Kemado Records and its sister label, Mexican Summer, are quite busy to say the least. Over the past six months, both labels moved offices from Manhattan out to Greenpoint, Brooklyn, while simultaneously building a commercial recording studio within the vast new space. They’re also opening up a destination brick-and-mortar record store, organizing a music festival out in Big Sur, California, and of course producing a constant stream of new releases from their roster of artists. I sat down with label owner Andres Santo Domingo and label head Keith Abrahamsson to get the latest and check out their new pad.
When did you decide to make the move to Greenpoint? We just needed more space. We looked all over Manhattan and found a couple of spaces — we looked everywhere. But when we came out to Brooklyn and saw the spaces out here in Greenpoint, we knew we could do a commercial recording studio. We’re going to rent it out a great deal.
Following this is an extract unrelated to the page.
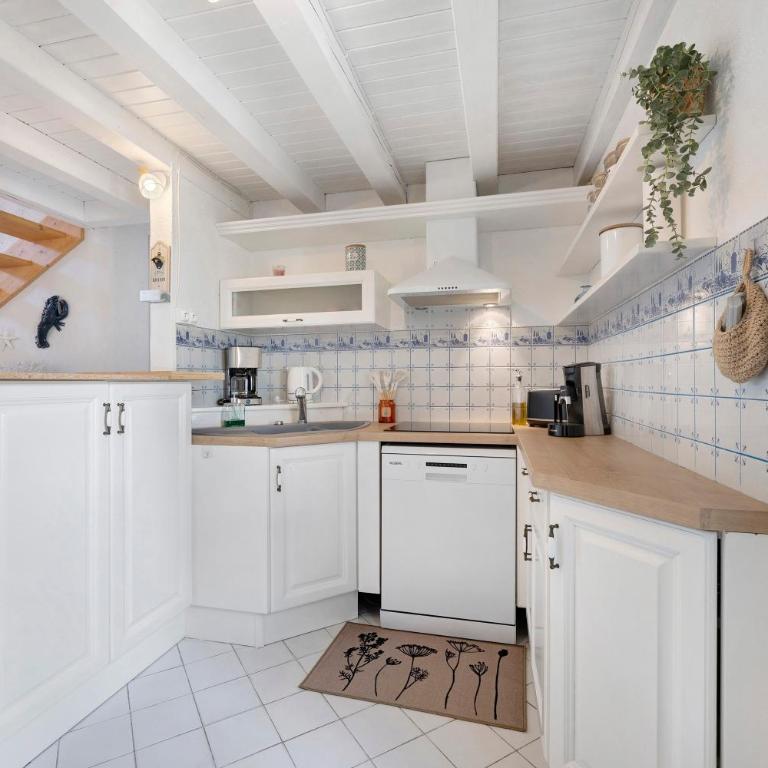 La Maison des Bouchots - mer à 400m - Vacation Home - 10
We’ll keep it busy a lot by ourselves as well, but we want to have it as full as possible.
What’s the square footage of your building? Andres Santo Domingo: It’s about 4,000 square feet on each floor, and the recording studio is 2,000 square feet with 30-foot ceilings in the live recording room. We made the space very functional for everyone to hang out and make it accommodating for anyone that’s recording.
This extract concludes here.